This works very well for the version of Grafana given in the yaml file (image: docker.io/grafana/grafana:8.5.6), but I have not been able to make it work with any 9.x version of Grafana, so something seems to break between the two major versions.
With version 9.5.3 of Grafana, I am able to retrieve the labels, when I explore the Loki datasource in Grafana, but no data is shown.
I have looked through the release notes for Grafana and enabled more logging in Grafana without being able to figure out what goes wrong. That said I’m both a beginner in regard to Loki and Grafana, so I might have missed something.
Has anybody managed to get it working with a 9.x version of Grafana?
If so any pointers that could lead to a solution would be appreciated.
Thanks for the reply. Here are some screenshots. The two first is by using Grafana 9.5.3 where the labels are retrieved but no data was found. The last one is using Grafana 8.5.6 (the image from the example), and here the same query returns data.
I noticed that if I press the “live” button I get data (don’t know why I haven’t done that before). It therefore seems to be a problem related to the time range when I do a search.
If you suspect time range being the problem, have you tried specifying different time range and see if you get data? When you press “live”, what’s the latest timestamp on the last log? Does new log continue to come in?
I tried changing the time range, without any luck (including a time range a day in the past to see if its the time offset, that are causing the problem) . I still don’t get data this way.
The entries retrieved when doing live looks fine. At 7:42 local time I got the following entry:
We updated to the lastest version of Red Hats Loki Operator yesterday (v5.7.2), which didn’t make a difference
As far as we can see of the images, this should result in Loki version 2.8.x being installed at the cluster. Given that we are not sure we have asked Red Hat. I will get back when we have an answer from Red Hat.
We tried doing direct api calls, and it seems to work. Only difference in our api calls and the way grafana do them, are a) that we go through an Openshift route and b) that I authenticate using a token while Grafana currently is configured to use authentication with CA cert (see screenshot below). Given that we get the labels. and things work in Grafana 8.5.6, this is what I would have expected. For example we tried:
I create the datasource using datasource provisioning (as done in the example in the Loki Operator documentation (see link in post above)). My current datasource definition looks like this:
The environment variable is set in the deployment. Here I made a discovery. At some point in trying to get things to work, I have added an extra certificate to this environment variable. I did this because I got the following error while retrieving data (but not when retrieving labels):
It seems that a oauth flow is triggered when retrieving data. The strange thing is that the CA, for the certificate that fails, is present among the containers CA’s. As I understand it go should use these certificates.
In the 8.5.6 container it hasn’t been necessary to ad the extra certificate.

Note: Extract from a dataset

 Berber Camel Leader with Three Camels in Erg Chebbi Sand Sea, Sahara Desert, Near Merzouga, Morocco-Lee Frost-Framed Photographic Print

Could my problems be related to this?
To be honest I have had trouble finding good detailed information regarding the different authentication methods in the datasources, so any link would be appreciated.
Proxy
We are accessing loki through a service internally on the Openshift cluster, so there shouldn’t be any proxy. But given the error above I suspect that Red Hat might be using Observatorium.
Do you know if there are any way to configure Grafana to logout all the request that the datasources do? I have already enable datasource logging, and plugin login and changed the loglevel to trace.
You can check in your browser’s developer tool (for Chrome under the network section), sometimes it gives you some information.
I haven’t used Loki on openshift before, but if you were able to authenticate to Loki using a token, can you try to configure the data source using a token as well?
I was more after more logging of the requests between the Grafana backend and loki backend.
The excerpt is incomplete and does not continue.